What is required. Scan the records beneath this line for the line holding "Scale Model Scenery" and the line holding "banner com o", then transcribe exactly those two and all lines between.

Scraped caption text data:
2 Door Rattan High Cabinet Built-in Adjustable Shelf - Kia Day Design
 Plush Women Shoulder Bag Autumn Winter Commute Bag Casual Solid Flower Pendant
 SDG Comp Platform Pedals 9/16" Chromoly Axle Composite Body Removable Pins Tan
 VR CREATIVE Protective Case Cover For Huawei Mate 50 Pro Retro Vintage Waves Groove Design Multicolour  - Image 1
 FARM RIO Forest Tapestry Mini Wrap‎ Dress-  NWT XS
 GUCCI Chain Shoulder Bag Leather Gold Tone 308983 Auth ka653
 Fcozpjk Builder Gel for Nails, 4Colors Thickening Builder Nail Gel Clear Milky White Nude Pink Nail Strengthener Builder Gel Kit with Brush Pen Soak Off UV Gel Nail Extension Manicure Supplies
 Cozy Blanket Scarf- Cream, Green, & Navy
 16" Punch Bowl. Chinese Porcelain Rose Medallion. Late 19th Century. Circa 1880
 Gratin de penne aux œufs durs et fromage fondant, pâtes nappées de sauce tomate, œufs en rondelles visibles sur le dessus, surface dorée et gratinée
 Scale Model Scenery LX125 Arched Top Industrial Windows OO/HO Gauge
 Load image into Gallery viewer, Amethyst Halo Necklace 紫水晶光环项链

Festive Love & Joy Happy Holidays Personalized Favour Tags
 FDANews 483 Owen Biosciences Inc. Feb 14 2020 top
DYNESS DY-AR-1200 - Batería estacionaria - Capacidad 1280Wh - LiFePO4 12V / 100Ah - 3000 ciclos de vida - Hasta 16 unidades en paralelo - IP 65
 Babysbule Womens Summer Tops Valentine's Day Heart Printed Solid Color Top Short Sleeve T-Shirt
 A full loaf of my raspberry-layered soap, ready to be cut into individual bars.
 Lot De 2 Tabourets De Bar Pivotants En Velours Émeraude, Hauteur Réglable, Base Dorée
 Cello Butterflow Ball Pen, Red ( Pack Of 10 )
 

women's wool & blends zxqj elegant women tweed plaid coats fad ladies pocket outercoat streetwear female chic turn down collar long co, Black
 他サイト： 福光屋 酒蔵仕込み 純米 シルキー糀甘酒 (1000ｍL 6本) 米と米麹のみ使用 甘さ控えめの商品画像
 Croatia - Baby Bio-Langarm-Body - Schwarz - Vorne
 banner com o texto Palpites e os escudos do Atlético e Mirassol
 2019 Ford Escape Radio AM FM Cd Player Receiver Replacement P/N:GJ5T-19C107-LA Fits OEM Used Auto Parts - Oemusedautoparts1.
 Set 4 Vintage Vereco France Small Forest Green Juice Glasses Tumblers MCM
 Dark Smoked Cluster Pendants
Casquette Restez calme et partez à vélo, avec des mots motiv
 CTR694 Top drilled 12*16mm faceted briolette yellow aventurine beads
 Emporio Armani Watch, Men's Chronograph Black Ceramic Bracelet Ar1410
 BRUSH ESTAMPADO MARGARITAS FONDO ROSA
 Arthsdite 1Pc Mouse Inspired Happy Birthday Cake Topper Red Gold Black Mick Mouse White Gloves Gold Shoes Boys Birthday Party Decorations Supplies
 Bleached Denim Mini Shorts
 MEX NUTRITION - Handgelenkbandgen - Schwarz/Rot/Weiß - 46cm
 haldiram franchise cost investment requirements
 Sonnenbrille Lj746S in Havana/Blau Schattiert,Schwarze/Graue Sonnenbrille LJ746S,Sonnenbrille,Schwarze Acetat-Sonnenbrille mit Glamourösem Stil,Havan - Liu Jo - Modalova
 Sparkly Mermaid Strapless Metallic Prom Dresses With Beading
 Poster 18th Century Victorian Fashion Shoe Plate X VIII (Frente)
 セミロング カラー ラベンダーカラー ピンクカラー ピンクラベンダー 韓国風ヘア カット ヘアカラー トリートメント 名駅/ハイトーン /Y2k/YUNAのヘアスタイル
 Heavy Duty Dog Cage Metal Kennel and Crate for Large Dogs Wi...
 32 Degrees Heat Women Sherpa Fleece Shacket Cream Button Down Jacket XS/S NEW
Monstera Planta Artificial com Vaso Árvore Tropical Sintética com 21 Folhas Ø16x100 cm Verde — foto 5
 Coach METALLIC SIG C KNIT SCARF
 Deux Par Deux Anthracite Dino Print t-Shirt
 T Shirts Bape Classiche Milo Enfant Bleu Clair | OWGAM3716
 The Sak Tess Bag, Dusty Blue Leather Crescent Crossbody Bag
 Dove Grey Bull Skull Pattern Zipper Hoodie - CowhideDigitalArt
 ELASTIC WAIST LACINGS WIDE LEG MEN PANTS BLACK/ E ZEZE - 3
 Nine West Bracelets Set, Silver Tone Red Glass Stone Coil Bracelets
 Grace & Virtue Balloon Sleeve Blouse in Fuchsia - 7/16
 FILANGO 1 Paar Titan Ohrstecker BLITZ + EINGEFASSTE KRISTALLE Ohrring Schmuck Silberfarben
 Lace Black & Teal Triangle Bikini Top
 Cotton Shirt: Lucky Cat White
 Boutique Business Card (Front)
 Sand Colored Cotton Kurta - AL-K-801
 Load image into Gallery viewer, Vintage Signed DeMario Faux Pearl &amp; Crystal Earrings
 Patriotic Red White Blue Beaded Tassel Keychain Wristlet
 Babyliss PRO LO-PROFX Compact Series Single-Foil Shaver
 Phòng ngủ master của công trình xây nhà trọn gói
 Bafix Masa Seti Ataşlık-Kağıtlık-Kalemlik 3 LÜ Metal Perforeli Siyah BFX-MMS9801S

Task answer.
 Scale Model Scenery LX125 Arched Top Industrial Windows OO/HO Gauge
 Load image into Gallery viewer, Amethyst Halo Necklace 紫水晶光环项链

Festive Love & Joy Happy Holidays Personalized Favour Tags
 FDANews 483 Owen Biosciences Inc. Feb 14 2020 top
DYNESS DY-AR-1200 - Batería estacionaria - Capacidad 1280Wh - LiFePO4 12V / 100Ah - 3000 ciclos de vida - Hasta 16 unidades en paralelo - IP 65
 Babysbule Womens Summer Tops Valentine's Day Heart Printed Solid Color Top Short Sleeve T-Shirt
 A full loaf of my raspberry-layered soap, ready to be cut into individual bars.
 Lot De 2 Tabourets De Bar Pivotants En Velours Émeraude, Hauteur Réglable, Base Dorée
 Cello Butterflow Ball Pen, Red ( Pack Of 10 )
 

women's wool & blends zxqj elegant women tweed plaid coats fad ladies pocket outercoat streetwear female chic turn down collar long co, Black
 他サイト： 福光屋 酒蔵仕込み 純米 シルキー糀甘酒 (1000ｍL 6本) 米と米麹のみ使用 甘さ控えめの商品画像
 Croatia - Baby Bio-Langarm-Body - Schwarz - Vorne
 banner com o texto Palpites e os escudos do Atlético e Mirassol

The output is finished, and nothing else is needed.